En vérité, selon les neurologues, la mémoire est « tellement complexe, tellement liée aux émotions et aux relations humaines que ce serait impossible, par exemple, pour moi, de lire vos souvenirs, ajoute Marie-Claude Verdier. Ce serait incompréhensible ».

Thriller

Dans cet univers, les Seekers sont beaucoup utilisés comme témoins par le système judiciaire, puisqu’il est « basé sur l’intention ». « Avait-il vraiment l’intention de tuer ? Était-elle consentante ou non ? Eux peuvent le dire. Et étant extrêmement sensibles, c’est très difficile pour eux — un peu comme des interprètes peuvent vivre certaines choses. D’un autre côté, les Seekers peuvent aller dans la beauté de l’esprit humain. » Ils ont la possibilité de « sortir d’eux-mêmes » en ayant accès aux connaissances d’autrui. « La beauté du Seeker, c’est aussi qu’il doit raconter cette expérience. » Comme un auteur…

Sans dévoiler l’intrigue de ce thriller, elle confronte en 2050 un Seeker (David Boutin) et son ex-femme (Madeleine Péloquin) dans un bunker militaire, avec secrets d’État à la clé…

Marie-Claude Verdier comprend pourquoi la science-fiction peut faire peur à la scène. Pour un théâtre avec des moyens modestes, « c’est impossible d’accoter ce que le cinéma peut faire ». Mais sa force réside dans l’évocation, la « vérité de la parole incarnée ». La science-fiction adopte généralement deux formes au théâtre, dit-elle. « Soit on a le volet très Fringe, avec un côté un peu carton-pâte, souvent des parodies.
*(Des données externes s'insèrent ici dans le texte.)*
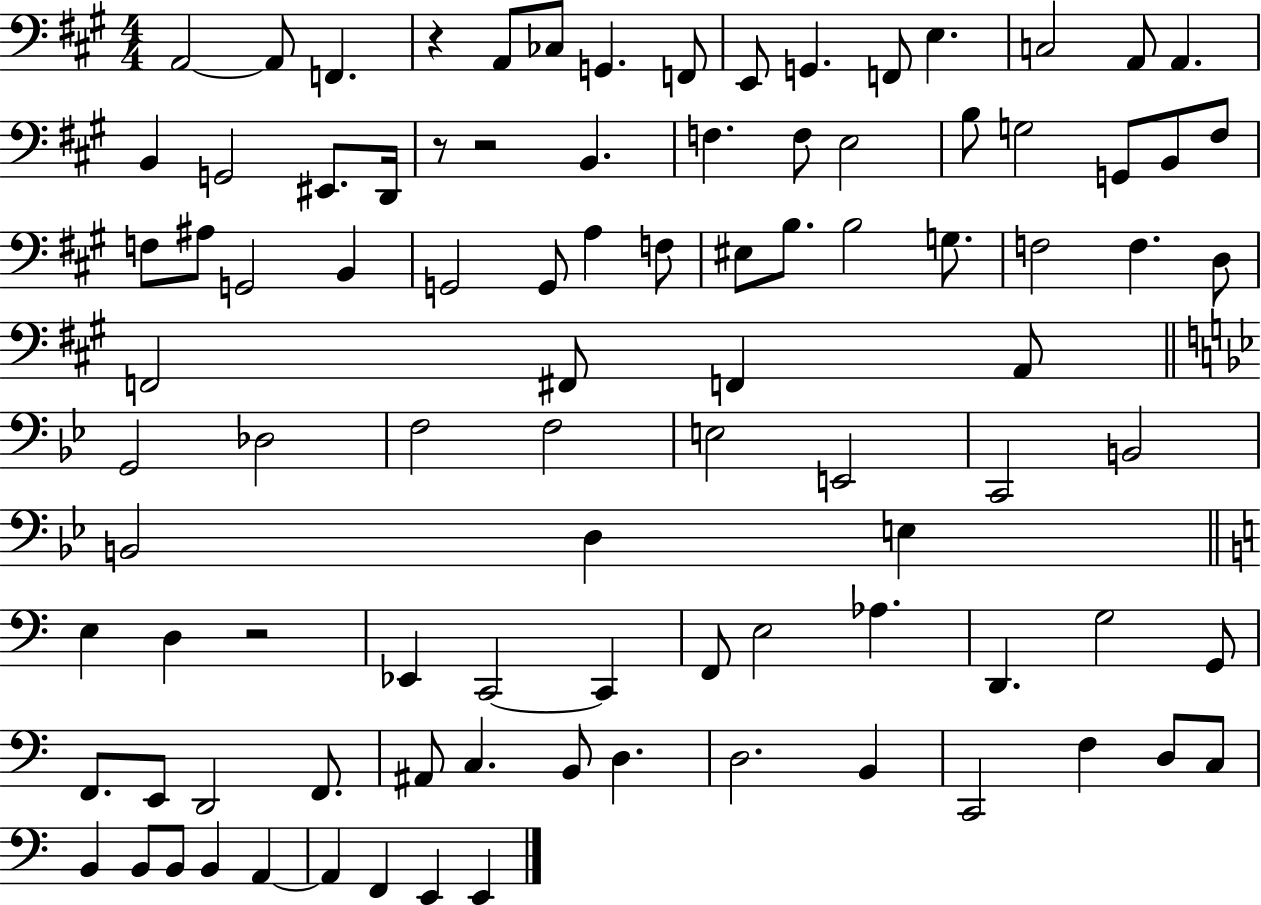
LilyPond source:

{
  \clef bass
  \numericTimeSignature
  \time 4/4
  \key a \major
  \repeat volta 2 { a,2~~ a,8 f,4. | r4 a,8 ces8 g,4. f,8 | e,8 g,4. f,8 e4. | c2 a,8 a,4. | \break b,4 g,2 eis,8. d,16 | r8 r2 b,4. | f4. f8 e2 | b8 g2 g,8 b,8 fis8 | \break f8 ais8 g,2 b,4 | g,2 g,8 a4 f8 | eis8 b8. b2 g8. | f2 f4. d8 | \break f,2 fis,8 f,4 a,8 | \bar "||" \break \key g \minor g,2 des2 | f2 f2 | e2 e,2 | c,2 b,2 | \break b,2 d4 e4 | \bar "||" \break \key c \major e4 d4 r2 | ees,4 c,2~~ c,4 | f,8 e2 aes4. | d,4. g2 g,8 | \break f,8. e,8 d,2 f,8. | ais,8 c4. b,8 d4. | d2. b,4 | c,2 f4 d8 c8 | \break b,4 b,8 b,8 b,4 a,4~~ | a,4 f,4 e,4 e,4 | } \bar "|."
}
Nous, [le metteur en scène] Justin Laramée et moi, on voulait vraiment se concentrer sur une rencontre. On a misé sur l’intime et fait le pari de la sobriété. C’est le gros défi : évoquer à travers la relation entre les deux personnages. Alors, il y a eu un gros travail de spatialisation du son, d’éclairage. C’est un spectacle de son et de lumière assez formidable, dans une toute petite salle. Un écrin pour un huis clos. »
 

Seeker 

Marie-Claude Verdier. Mise en scène : Justin Laramée. Éclairages : Martin Labrecque. Son : Andréa Marsolais-Roy. Création de Collectif Point bleu. À la salle Jean-Claude-Germain, du 14 septembre au 2 octobre.